And Ahab agrees (to a point). “He is. But he will still be hunted, for all that. What is best let alone, that accursed thing is not always what least allures. He’s all a magnet.”

And then we get the doctor who diagnoses Ahab “this man’s blood—bring the thermometer!—it’s at the boiling point!—his pulse makes these planks beat!—sir!—taking a lancet from his pocket, and drawing near to Ahab’s arm.” I’m no nineteenth century doctor, but I think it would take another kind of blood letting to cure Ahab’s obsession...

Unlike the other boats the Pequod has met so far, the Samuel Enderby was a real English whaling ship, although I assume the crew was fictional.


message 8: by Tamara (new)

Tamara Agha-Jaffar | 2377 comments Chapter 102: another shift in point of view with the narrator directly addressing Ishmael:

But how now, Ishmael? How is it, that you, a mere oarsman in the fishery, pretend to know aught about the subterranean parts of the whale? Did erudite Stubb, mounted upon your capstan, deliver lectures on the anatomy of the Cetacea; and by help of the windlass, hold up a specimen rib for exhibition? Explain thyself, Ishmael.

Or is this supposed to be Ishmael addressing himself?


message 9: by Tamara (new)

Tamara Agha-Jaffar | 2377 comments David wrote: "Thus we see how that the spine of even the hugest of living things tapers off at last into simple child's play.

I was not sure what Ishmael wants us to understand by that remark..."


I take it to be a lesson in humility--that no matter how big or mighty or large we think we (or our accomplishments) are, ultimately, we can be reduced to minor insignificance.


message 10: by [deleted user] (new)

Susan wrote: "This was a great week's reading.

My favorite sentence: "Stubb longs for vermillion stars to be painted upon the blade of his every oar; screwing each oar in his big vice of wood, the carpenter sym..."


Yes! There was some beautiful writing in these chapters.


message 11: by David (last edited Sep 07, 2018 02:28PM) (new)

David | 3304 comments Tamara wrote: "Chapter 102: another shift in point of view with the narrator directly addressing Ishmael:
But how now, Ishmael? How is it, that you, a mere oarsman in the fishery, pretend to know. . .
Or is this supposed to be Ishmael addressing himself? "

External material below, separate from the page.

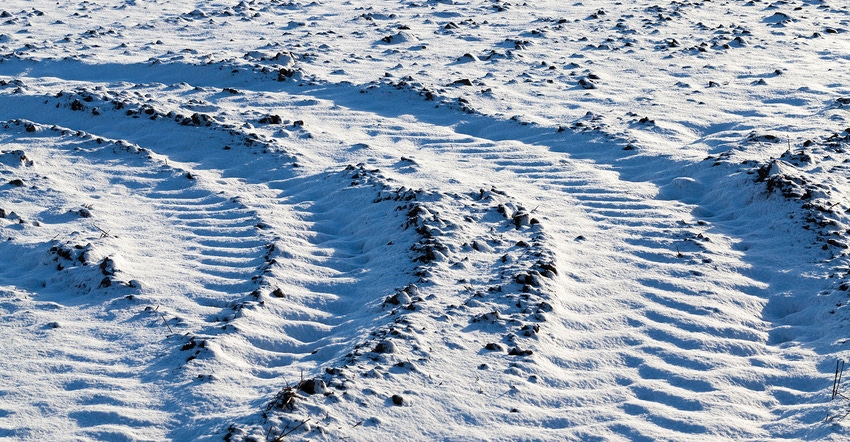a large number of tractor tracks and other equipment on the plowed field soil, covered with snow in winter, closeup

I read it one step further as Ishmael anticipating his audience's question of "how do you know all of this information you are telling us that you can't possibly know", by addressing himself in the first person on our behalf to answer the epistemological question. Its can be very sales-pitchy sounding at times and Ishmael is a talker who always seems to be either telling us something or trying to convince us of something that we either do not know or believe, or want to.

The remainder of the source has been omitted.